There's something extra precious happening here. Suppose now that I wanted to say which diet is best for getting the chickens fat. If I wanted to do a statistical test on the chickens at the latter timesteps of the dataset then I wouldn't have enough data. This dataset is "small data".

But when we instead look at the average growth for every chicken for every timestep then we suddenly do seem to have enough data to make a few statistical statements. Let's look at that final chart one more time.

What we're looking at are posteriors that have been fitted to the data. The graphic suggests to us that diet 3 and 4 (look at the values for beta_1) give us statistically heavier chickens. Note that it also shows us that the variance for diet 4 is the more statistically stable of the two (look at the values for alpha_1).

Having a model with this articulate property is amazing, note:

  • not only could we use this model for prediction, but we can also use it for hypothesis testing
  • not only do we get a trained model, but also a model with uncertainty bounds built in
  • we can fully explain the model, which is nice for GDPR reasons

These properties are kind of great when you think about it and they're often missing from other popular algorithms like ensemble methods and deep learning.


This way of modelling isn't reserved for just R. To show it, here's the same model but in PyMC3.

import pandas as pd 
import numpy as np 
import pymc3 as pm
import matplotlib.pylab as plt
%matplotlib inline

df = pd.read_csv("http://koaning.io/theme/data/chickweight.csv", 
                 names=["r", "weight", "time", "chick", "diet"])

df = df.sample(frac=1.0)
dummy_rows = pd.get_dummies(df.diet)

with pm.Model() as mod: 
    intercept = pm.Normal("intercept", 0, 2)
    time_effect = pm.Normal("time_weight_effect", 0, 2, shape=(4,))
    diet = pm.Categorical("diet", p=[0.25, 0.25, 0.25, 0.25], shape=(4,), observed=dummy_rows)
    sigma = pm.HalfNormal("sigma", 2)
    sigma_time_effect = pm.HalfNormal("time_sigma_effect", 2, shape=(4,))
    weight = pm.Normal("weight", 
                       mu=intercept + time_effect.dot(diet.T)*df.time, 
                       sd=sigma + sigma_time_effect.dot(diet.T)*df.time, 
    trace = pm.sample(5000, chains=1)

Note that PyMC3 also gives us a nice traceplot too.

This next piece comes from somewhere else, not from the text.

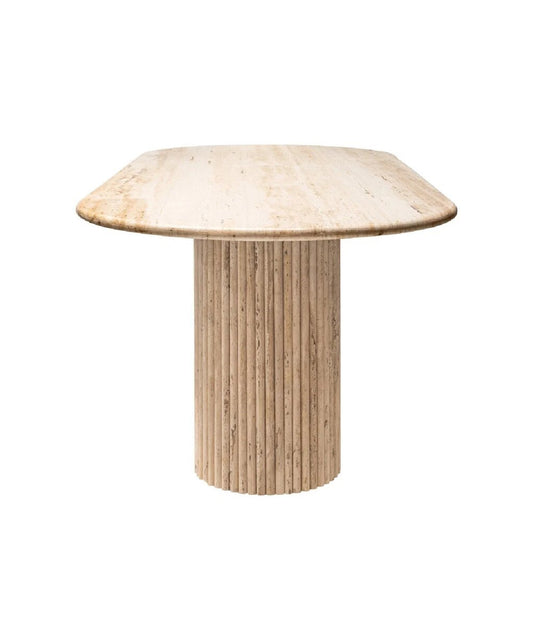 La Cantera Oval Dining Table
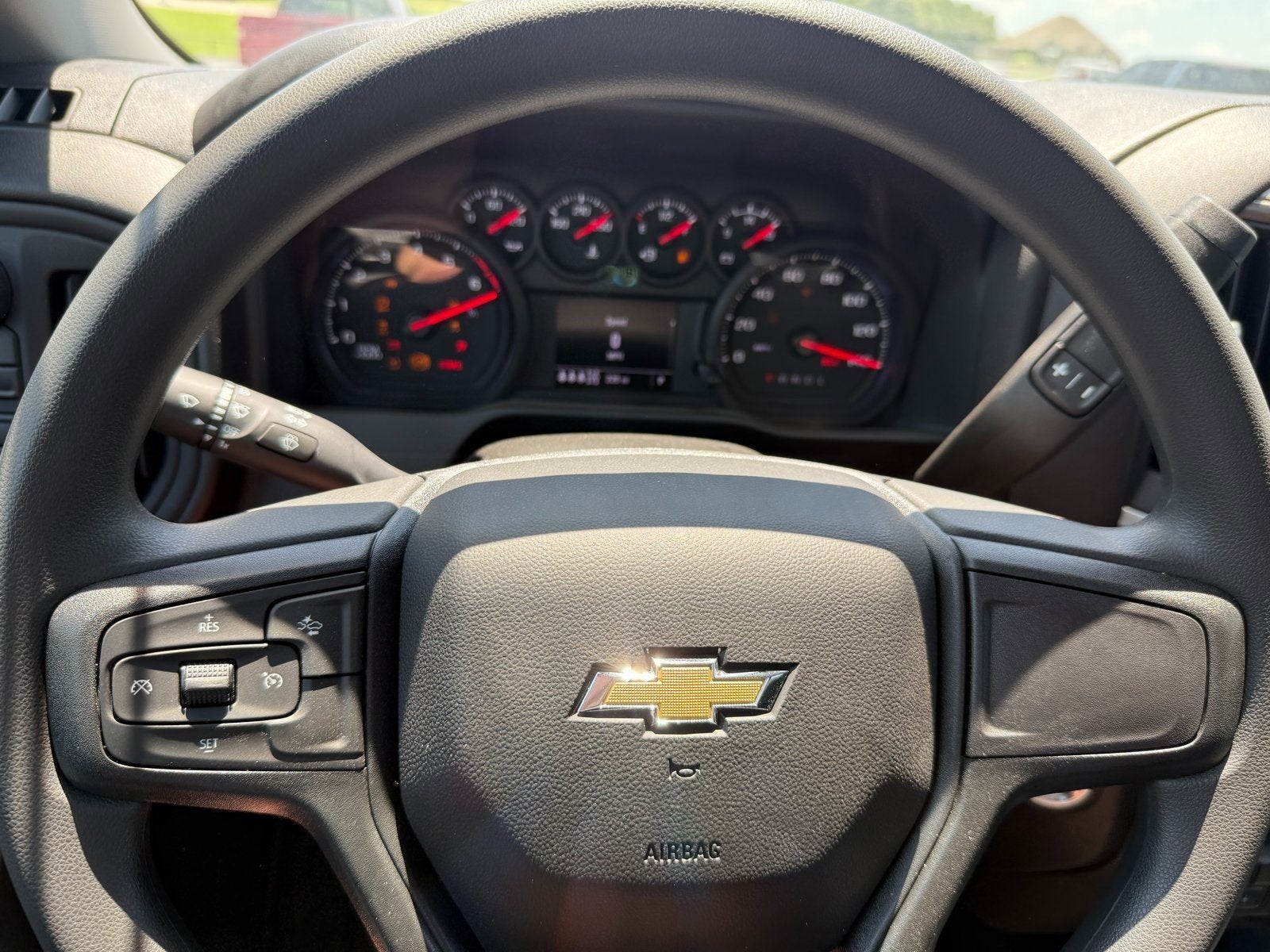 2025 Chevrolet Silverado 2500 HD WT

I hope this example demonstrates a clear benefit of manually modelling for the sake of articulate models. I'm not suggesting this is always the best path forward; you can often get far with an sklearn pipeline too but we should acknowledge the benefits of these articulate models:

  • we can quantify uncertainty in our output
  • we can describe the model using domain knowledge
  • we can explain why a certain decision was made

I would like to point out though, that even with this type of modelling lots of things can still go wrong. In this dataset in particular, there are some chickens that seem to have died prematurely! The model would still not be able to tell you this, you'd still need to do the legwork yourself.